Lamezia, an employee used airport computers to produce virtual money

Share

October 30, 2020 "Estraeva", that is, it produced cryptocurrencies, or virtual currencies such as bitcoins, using the facilities of the Sacal company, in charge of managing Calabrian airports.

The 'miner' was discovered and reported by staff of the Postal Police of Reggio Calabria and Catanzaro: he is a 41-year-old technician in charge of the computerized infrastructure of the airport, who worked in the airport of Lamezia Terme.

According to the postal police, he was able to install malware and exploit Sacal's IT infrastructure to "mine" virtual currency, endangering the security of the infrastructure.

The Sacal technicians, alarmed by some anomalies, informed the border police, who requested the intervention of the cybercrime experts of the postal police.

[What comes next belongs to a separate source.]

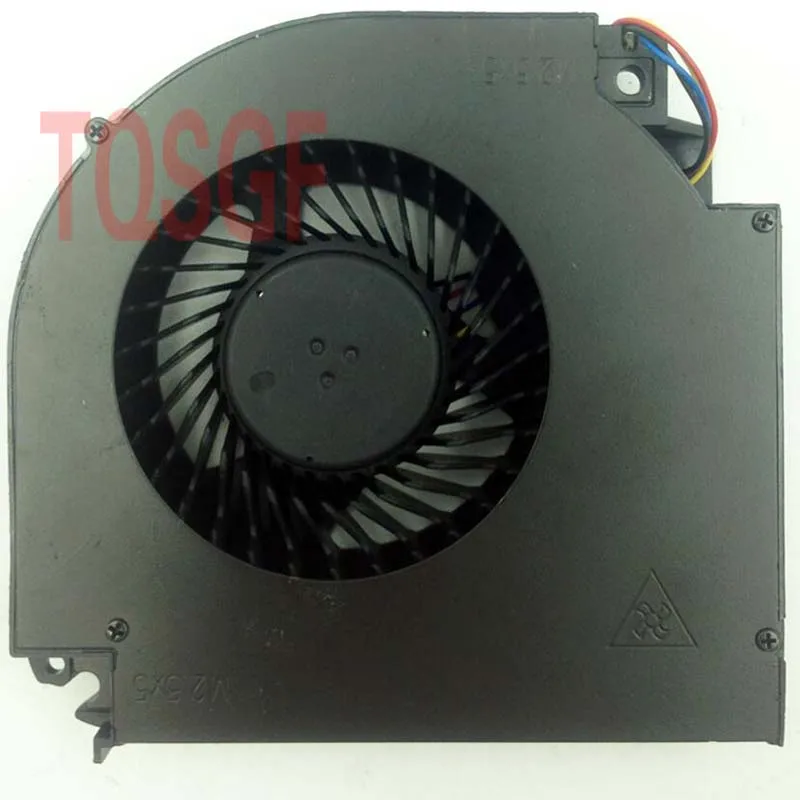 Новый оригинальный вентилятор охлаждения для Dell Precision M6800 DC28000DBVL 0TJJ0R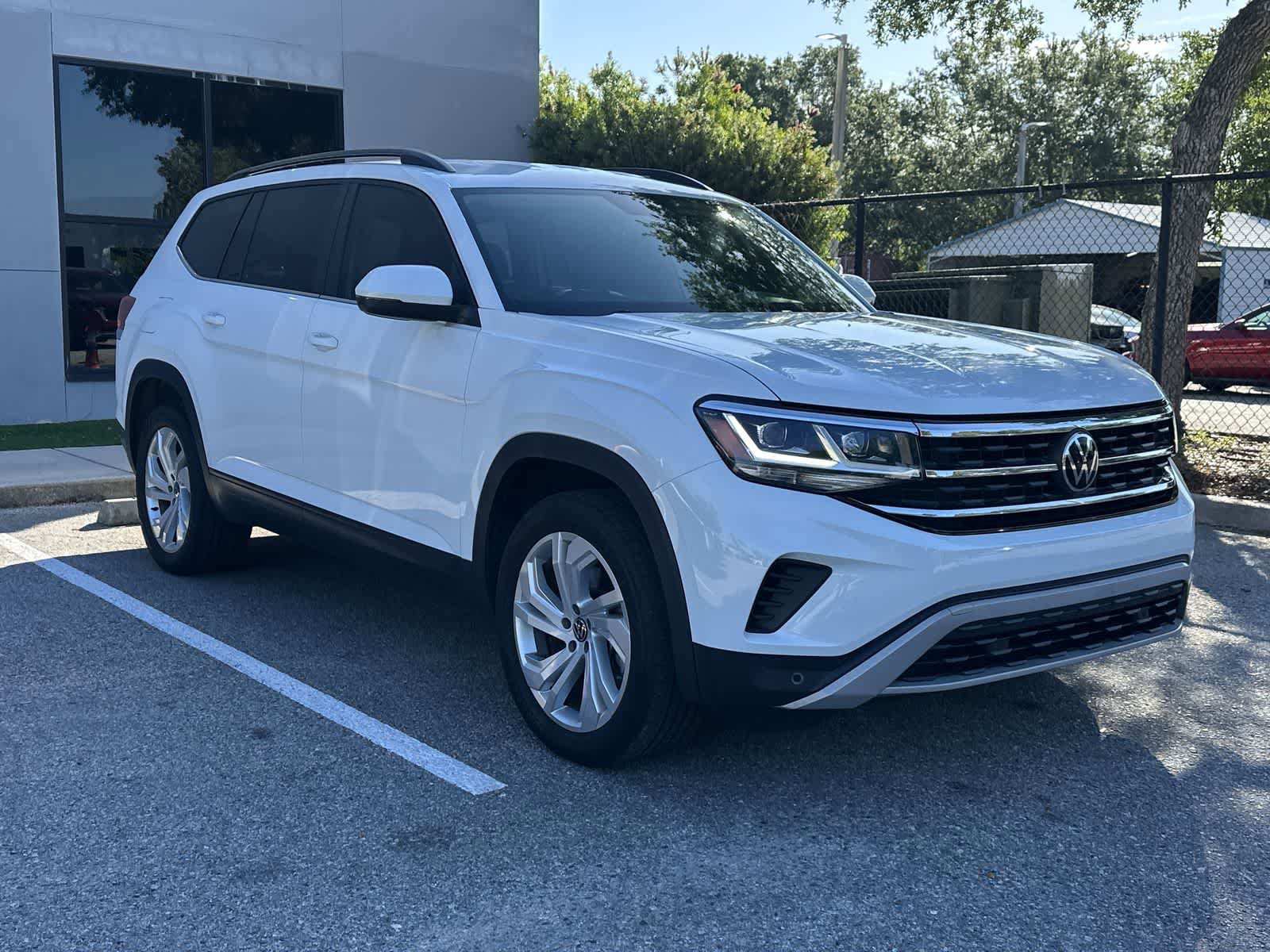 Used 2023 Volkswagen Atlas SE FWD image 11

The investigators, with the collaboration of the airport authorities, analyzed the partitions of the IT network inside the hub, discovering the presence, in two different technical rooms, of a real "Mining farm", that is an abusive network made up of five powerful electronic processors, called "Mining Rig", a term used to indicate in technical jargon the systems used to create bitcoin or other cryptocurrencies, connected to the external Internet network through systems dedicated to the management of airport services and powered by the airport's electricity supply.

This system allowed the airport hacker to procure Ethereum, one of the most well-known cryptocurrencies, without having to incur the costs of electricity necessary for the 24-hour operation of the equipment and exploiting the connection of the Sacal plants, compromising, according to the accusation, the airport computer security.

The investigations, coordinated by the Lamezia Terme Public Prosecutor's Office, were conducted with technical activities that made it possible to examine the IP addresses associated with the machines installed, to identify the site of the "Ethermine" pool (used for 'mining' of the Ethereum cryptocurrency) and monitor the site.

Stalking and cameras installed in the rooms allowed the employee to be identified.

Investigations continue to ascertain the presence of any accomplices.